**Required action:** Beginning with the line that holds "Negozio in Via Maria Ausiliatrice (TO)" and ending with the last line, please repeat the entries exactly and omit the pictures.
-- Records provided follows --
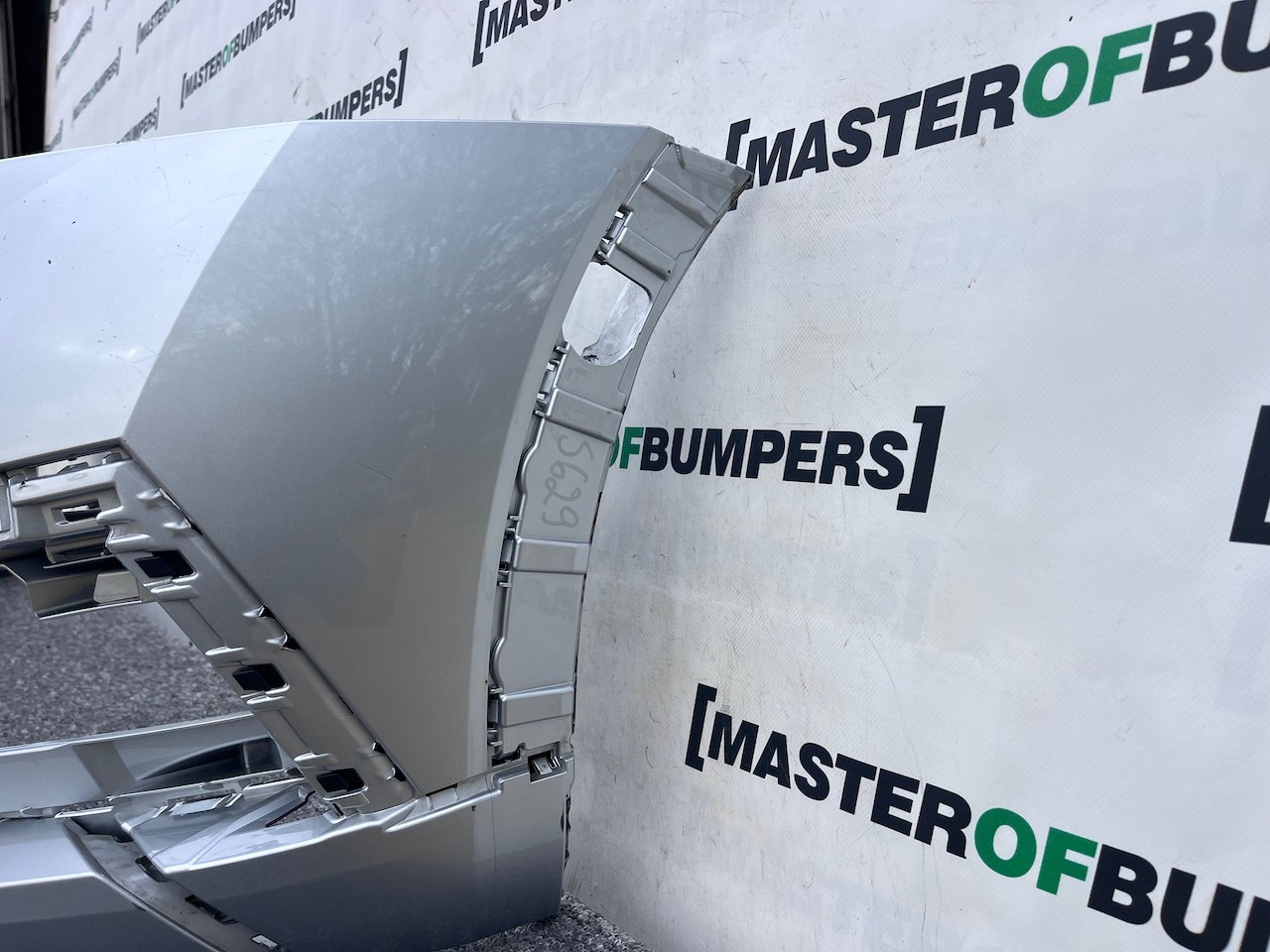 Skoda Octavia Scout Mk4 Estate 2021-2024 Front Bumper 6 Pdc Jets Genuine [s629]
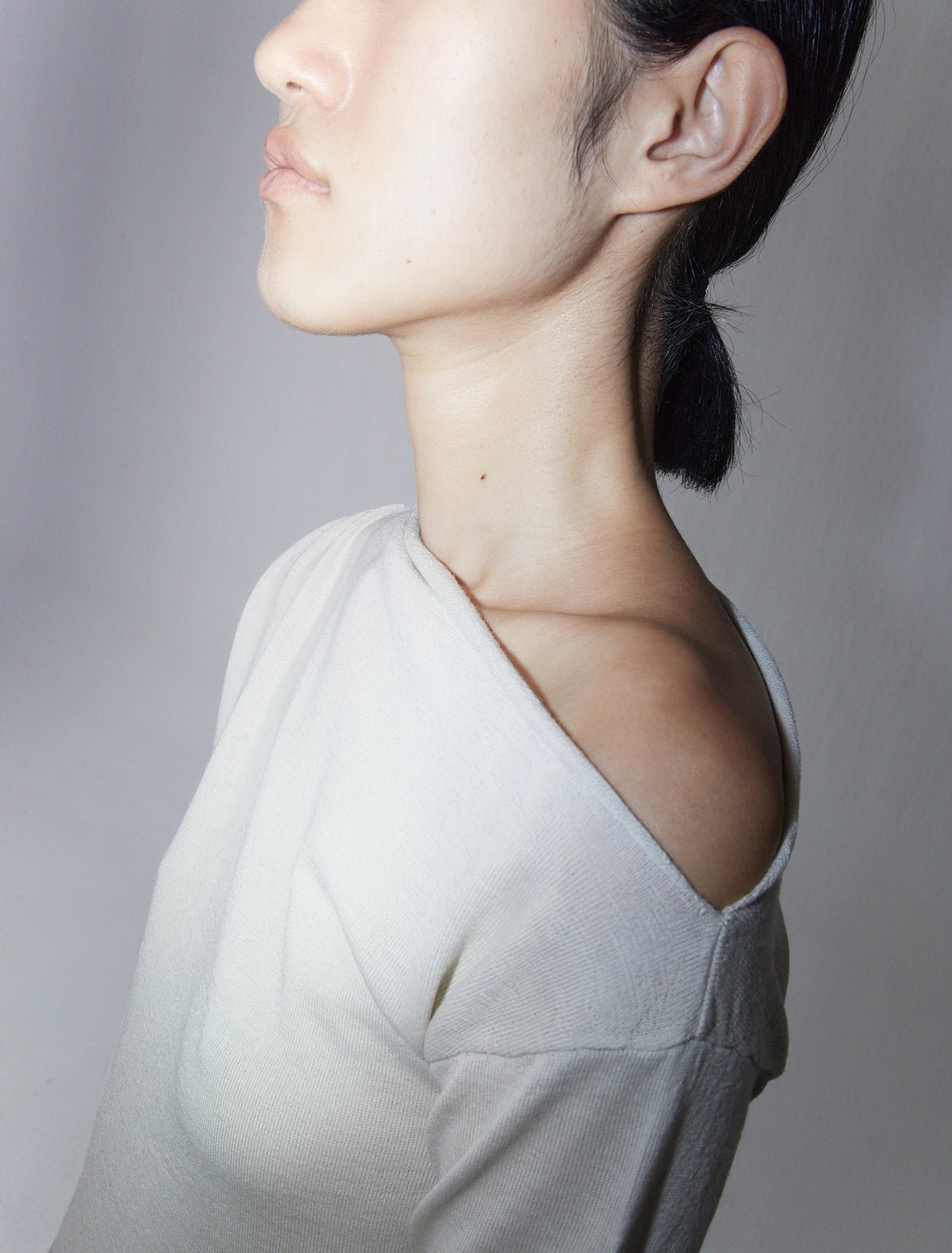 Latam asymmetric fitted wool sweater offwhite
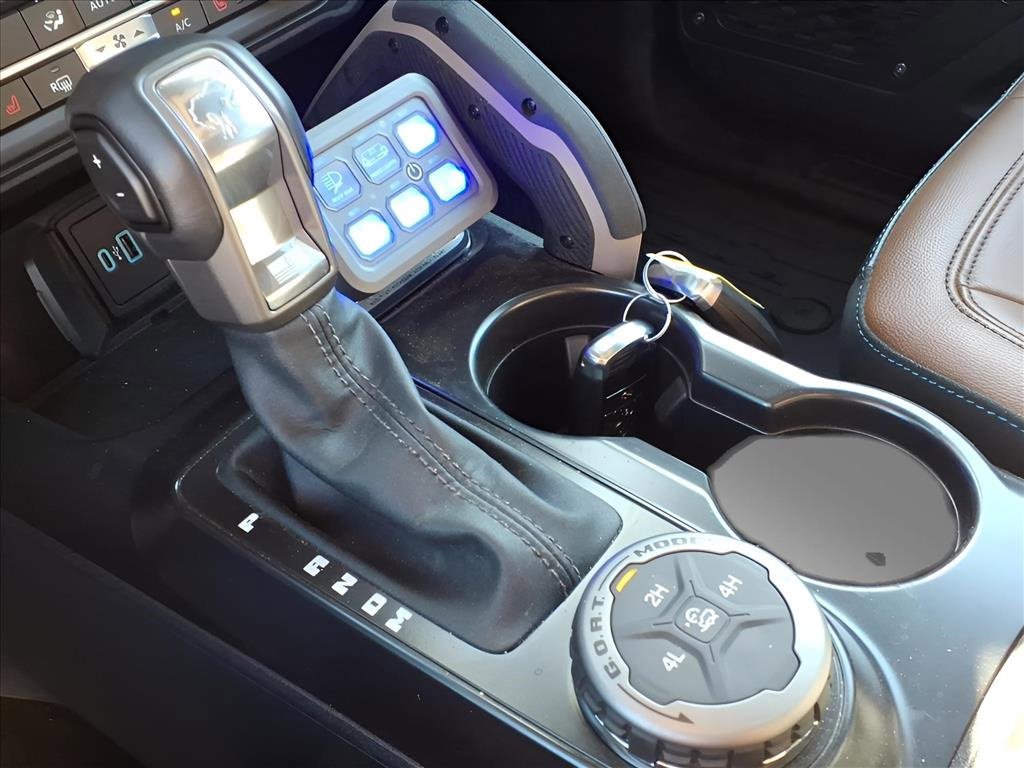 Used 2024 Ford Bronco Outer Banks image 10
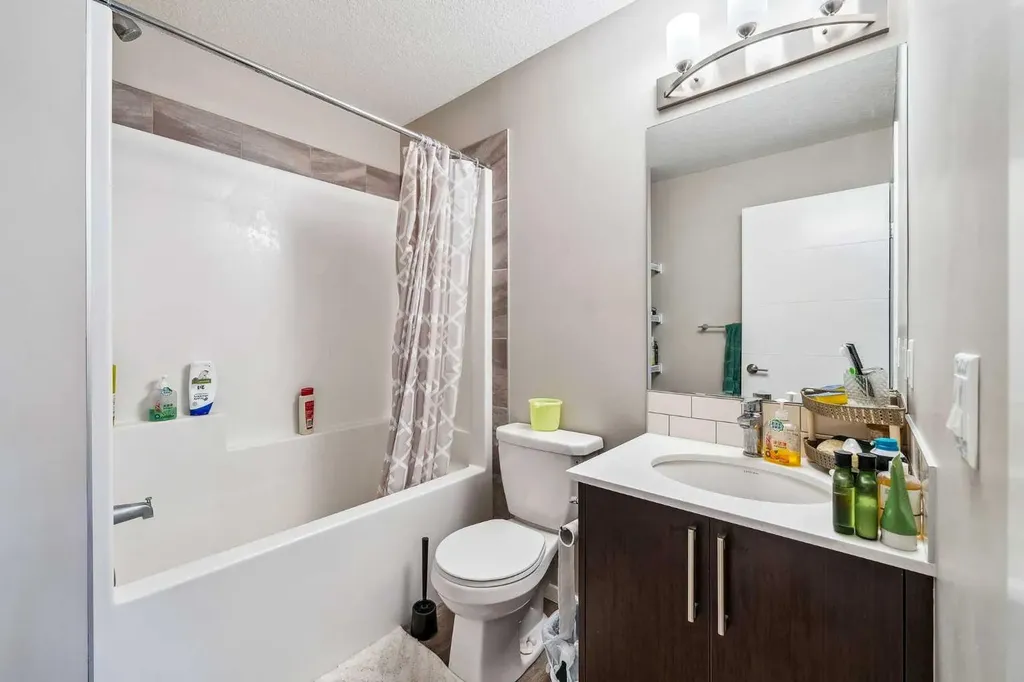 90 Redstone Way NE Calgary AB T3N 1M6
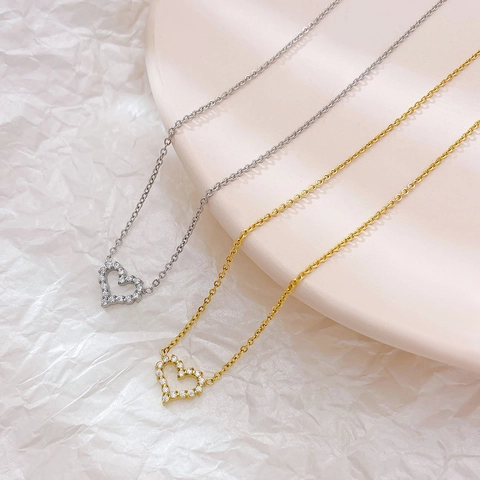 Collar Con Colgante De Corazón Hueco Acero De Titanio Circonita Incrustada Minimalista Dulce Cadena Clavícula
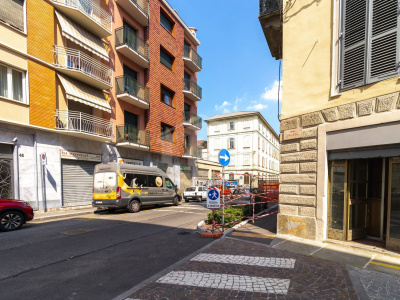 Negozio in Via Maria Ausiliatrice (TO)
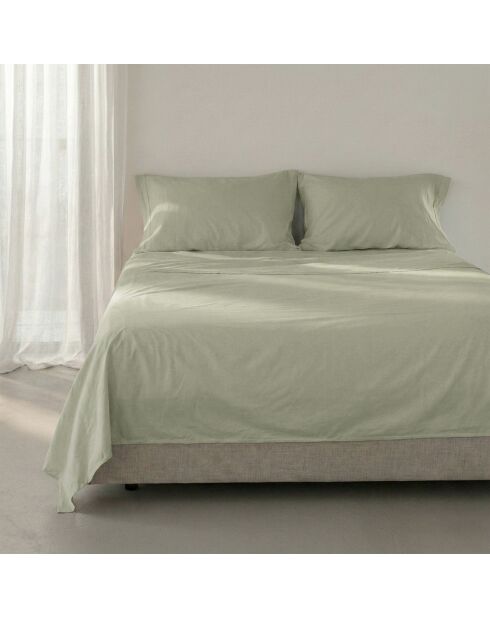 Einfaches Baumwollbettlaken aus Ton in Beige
-- Records provided concluded --
**Answer:**
 Negozio in Via Maria Ausiliatrice (TO)
 Einfaches Baumwollbettlaken aus Ton in Beige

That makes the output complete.